Camila Cabello: Camila
IF YOU’RE looking to stamp your identity on a record — or a child — you can’t go far wrong than by naming it after yourself; and that’s exactly what former Fifth Harmony member Camila Cabello has done with her baby- slash-debut album Camila.
Forget the co-writers and the army of production staff, this is the Camila show. She’s shaken off the bombastic R&B favoured by the 5H crew in favour of a short, sweet album of fairly understated Latin pop and classic pop ballads.
And in case there was any doubt about who’s calling the shots, there’s even a track called She Loves Control about a bossy girl who ‘wants it her way’ or she’ll split.
Like last year’s mega-hit Havana, the bangers tend to come with a twinge of longing.
Into It — a sort of half-price version of Ariana Grande’s Into You (which is still a substantial compliment) — is a weirdly polite invitation to have sex that seems to suggest the person being propositioned will say no. The Reggaeton-influenced dominance bop of She Loves Control and steel-pan sex jam Inside Out suggest that Cabello is enjoying her freedom and, unlike a lot of pop albums, they aren’t drowned out by ballads.
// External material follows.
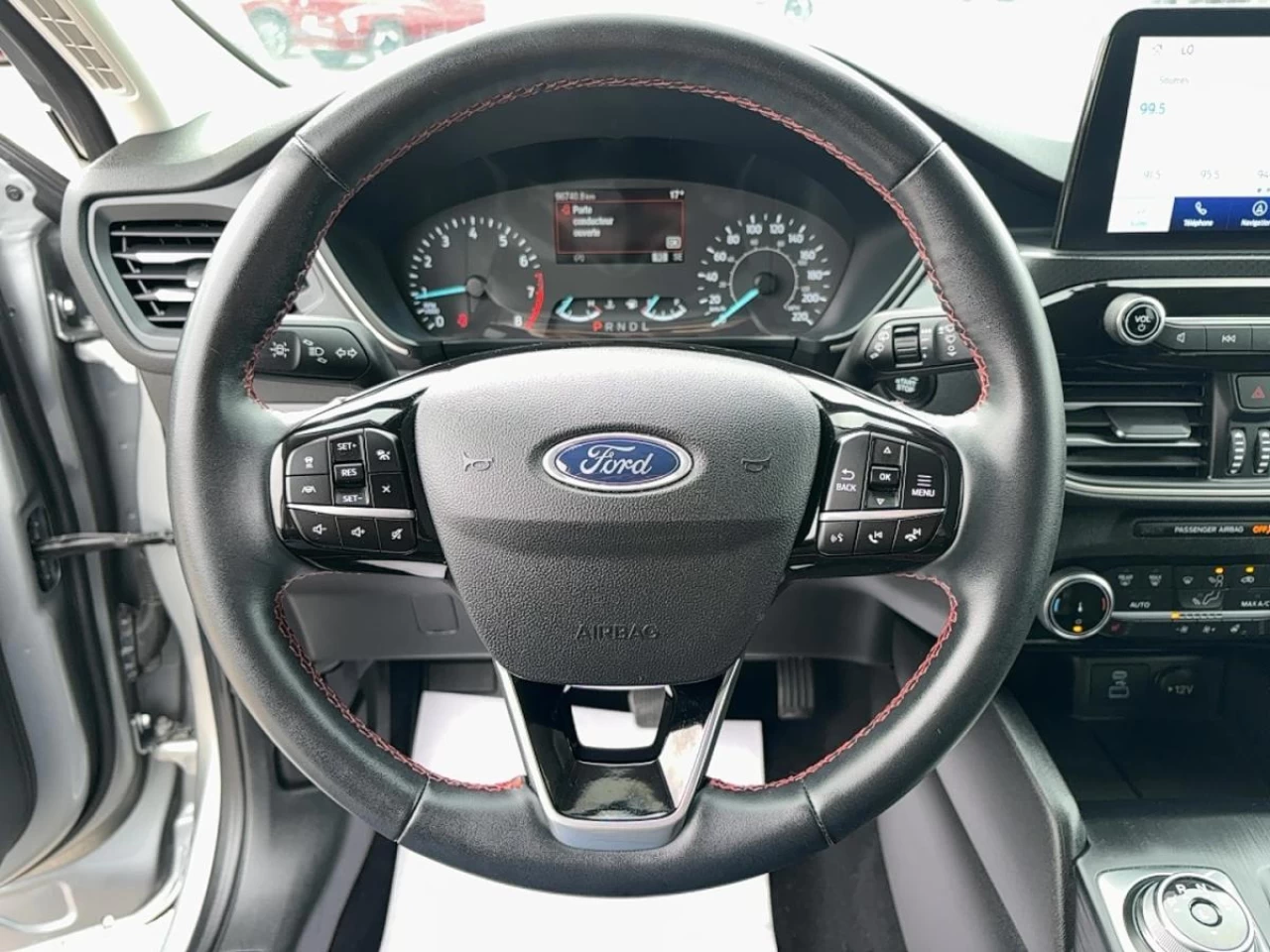 2022 Ford Escape SEL AWD Main Image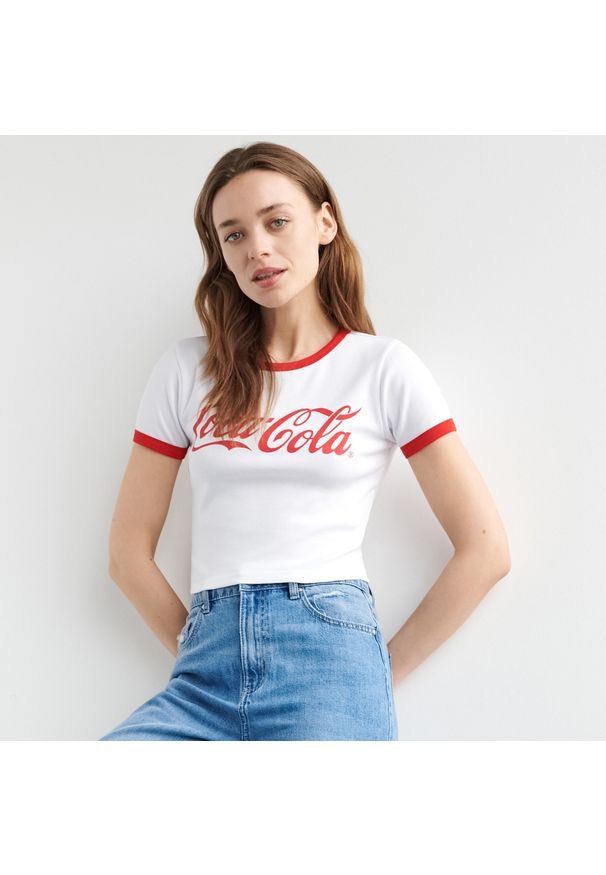 Sinsay - Crop top Coca Cola - Biały. Kolor: biały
Her voice is at its most interesting on Consequences — unadorned, unpolished, but each song places Cabello at the centre of attention.
The tracks that slink beneath her voice are sparse and quiet.
It’s often just a guitar or a piano that fits into the spaces between Carey-esque melismas, Rihanna-style growls and sweet, almost angelic upper registers.
Like its songs, Camila doesn’t outstay its welcome, instead leaving you wanting just a little bit more — if you’re into it.